Beim Neujahrsempfang des katholischen Bischofs von Görlitz, Wolfgang Ipolt, hat sich Ministerpräsident Michael Kretschmer auch zur AfD geäußert. © Bistum Görlitz/Pawel Sosnowski

Guten Morgen,

die neue Woche beginnt wie die alte zu Ende gegangen ist: heiß. Und das liegt vor allem an den anhaltenden Bauernprotesten. Tausende Landwirte wollen heute Mittag mit ihren Traktoren am Brandenburger Tor in Berlindemonstrieren - darunter auch etliche aus Sachsen. Gleichzeitig gibt es Gespräche zwischen Bauernverbänden und Spitzen der Fraktionen der Berliner Ampelregierung. Ob es dabei wohl zu einem neuen Kompromiss kommt, der beide Seiten zufrieden stellt? In unserem ständig aktualisierten Newsblog halten wir Sie heute und die nächsten Tage auf dem Laufenden.

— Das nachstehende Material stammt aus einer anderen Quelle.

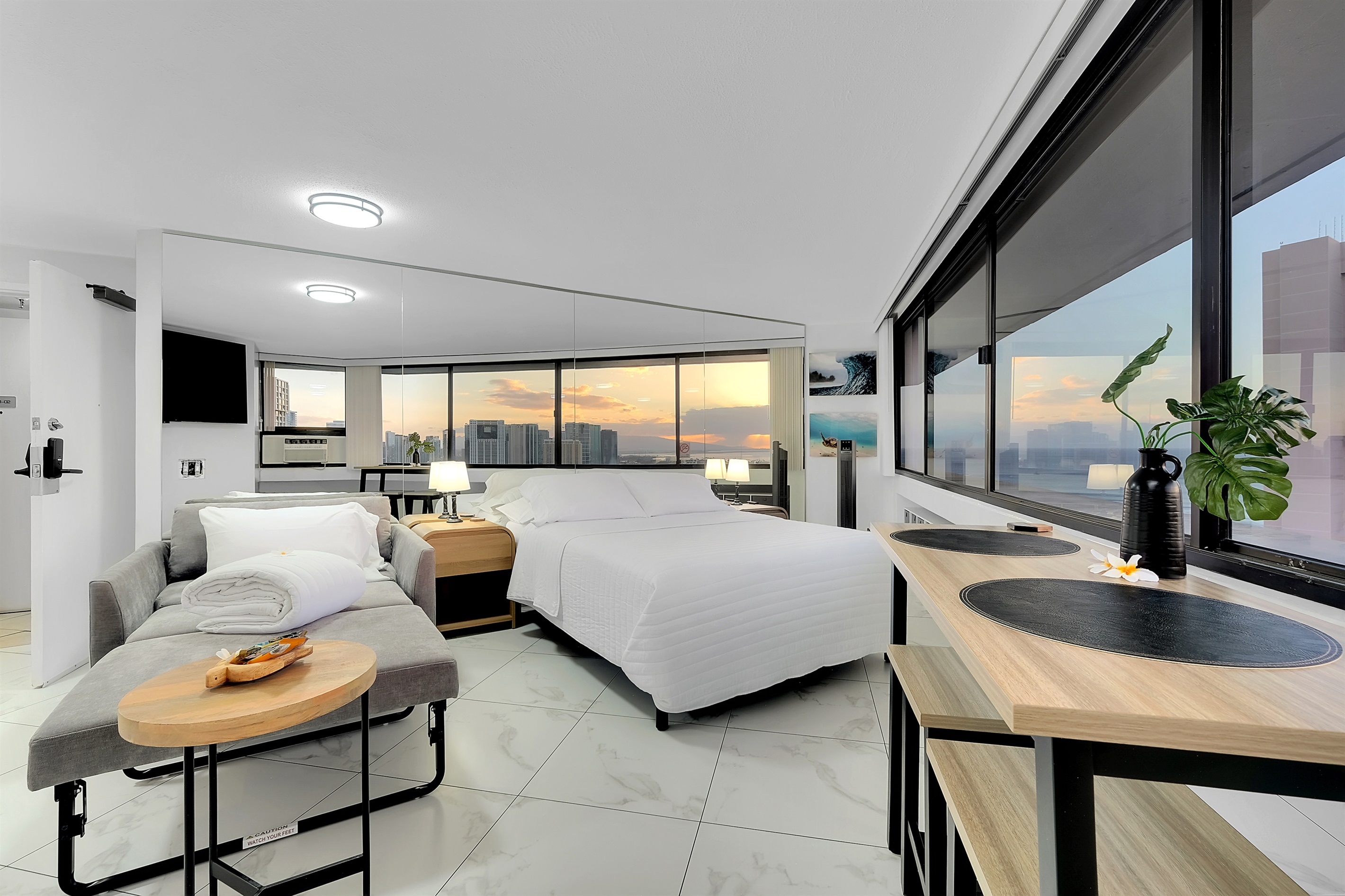 Modern elegance meets island serenity in this bright Waikīkī retreat. Enjoy ocean and city views from every angle, unwind on the plush sofa, and fall asleep to the glow of the Hawaiian sunset — the perfect home base for your Honolulu getaway.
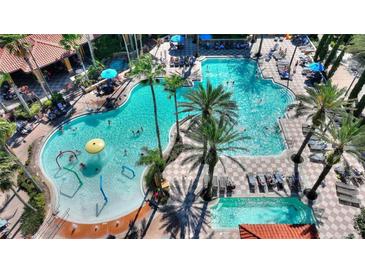 Aerial view of a vibrant resort pool area with palm trees, lounge chairs and water features at 12544 Floridays Resort Dr # 102, Orlando, FL 32821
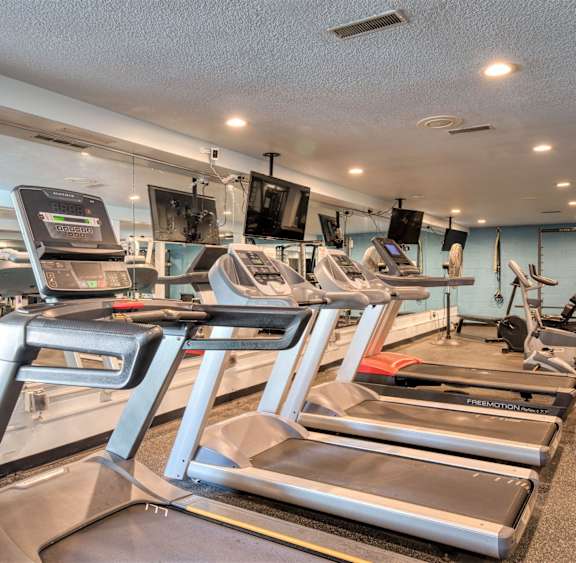 a gym with treadmills and other exercise equipment and a ceiling fan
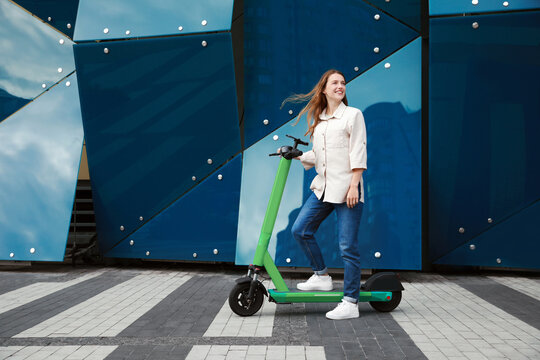 Happy woman with modern electric kick scooter on city street, space for text - Powered by Adobe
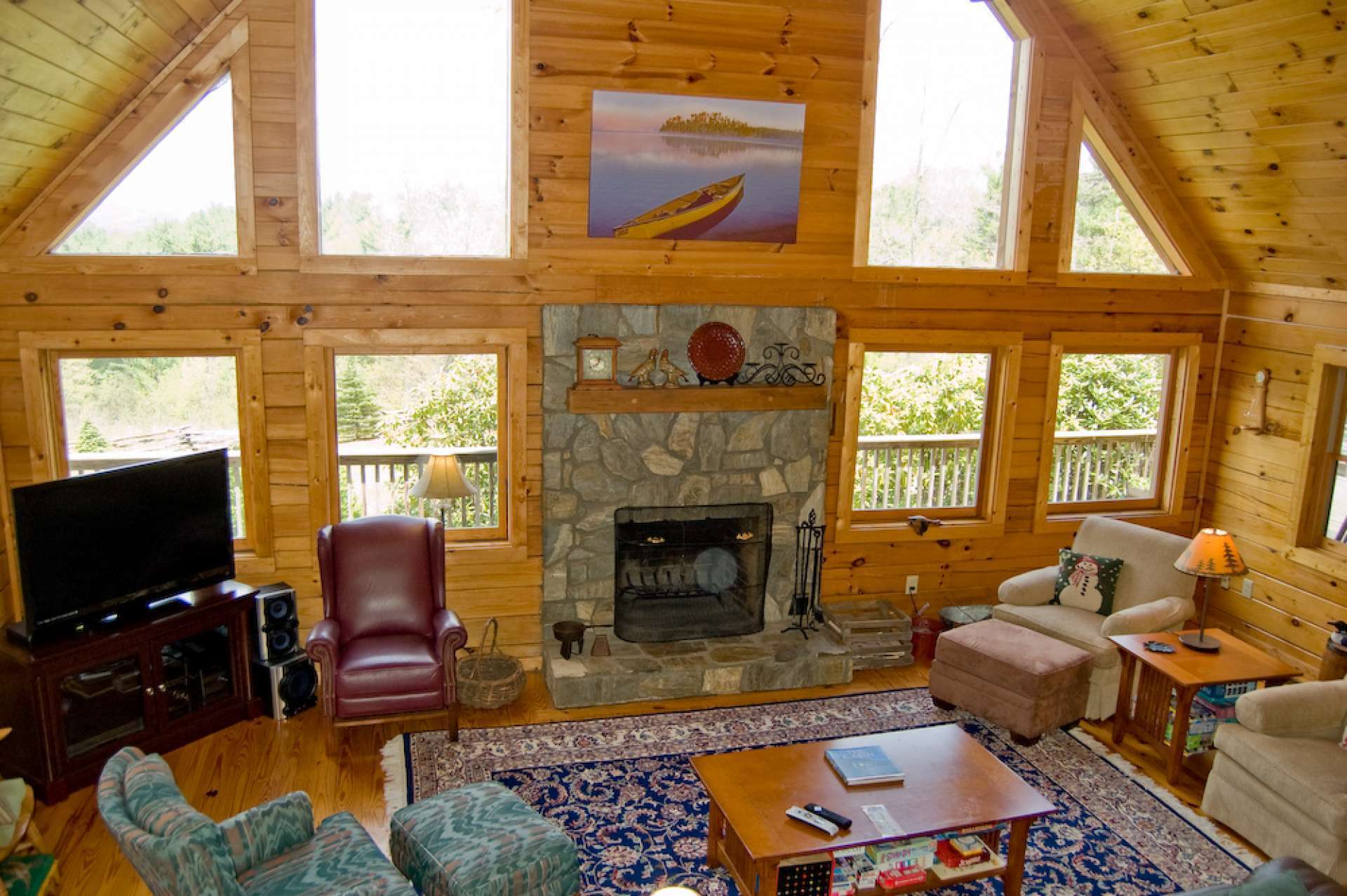 The focal point of the great room is the wood burning, stone fireplace flanked by windows filling the cabin with natural light and allowing you to enjoy the mountain scenery throughout the cabin.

In Sachsen steht vor allem Agrarminister Wolfram Günther unter Druck. Das liegt nicht an den Steuererleichterungen für den Agrardiesel, um die es beim Bauernprotest vermeintlich geht, sondern an der in Sachsen verspäteten Auszahlung von EU-Direktzahlungen. Der Landesbauernverband hat Günther nun ein Ultimatum gestellt. Wenn bis Ende Januar den Bauern kein Geld überwiesen werde, müsse er zurücktreten oder andernfalls von Ministerpräsident Michael Kretschmer (CDU) entlassen werden, sagt Bauernpräsident Torsten Krawczyk. Und weiter: Sein Berufsstand werde dazu einen aus seiner Sicht geeigneten Alternativkandidaten aus den Reihen der Grünen vorschlagen. Man könnte das anmaßend nennen. Man sieht aber auf jeden Fall: Der Zuspruch zu den Bauernprotesten hat das Selbstbewusstsein der Bauernvertreter gestärkt.

Wie dringend die Bauern auf die EU-Gelder angewiesen sind, verdeutlicht Landwirt Patrick Rückert von der Großdrebnitzer Agrarbetriebsgesellschaft. Für Sächsische.de hat er vorgerechnet, was ein Bauer eigentlich so verdient. Er sagt: 2023 habe er nach zwei Jahren mit Gewinn wieder ein Minus eingefahren - wegen der verzögerten Agrarzahlungen des Freistaats. Rückert sagt, an seinen Zahlen sehe man, dass die Rücklagen aus zwei Jahren, in denen gut gewirtschaftet wurde, in einem Jahr aufgezehrt werden können. Um ein komplexes Bild der Bauernproteste zu bekommen, möchte ich Ihnen aber auch noch einen anderen Text ans Herz legen: über einen Bauern, der nicht protestiert. "Die Forderungen sind nicht eindeutig", kritisiert er. "Wenn auf Protestschildern zu lesen ist, die Regierung soll abgeschafft werden, hilft das dem Landwirt jedenfalls nicht." Seine Kritik richtet sich auch gegen die eigene Branche, die immer mehr von Großbetrieben dominiert wird.

Ich wünsche Ihnen einen gut informierten Start in die neue Woche.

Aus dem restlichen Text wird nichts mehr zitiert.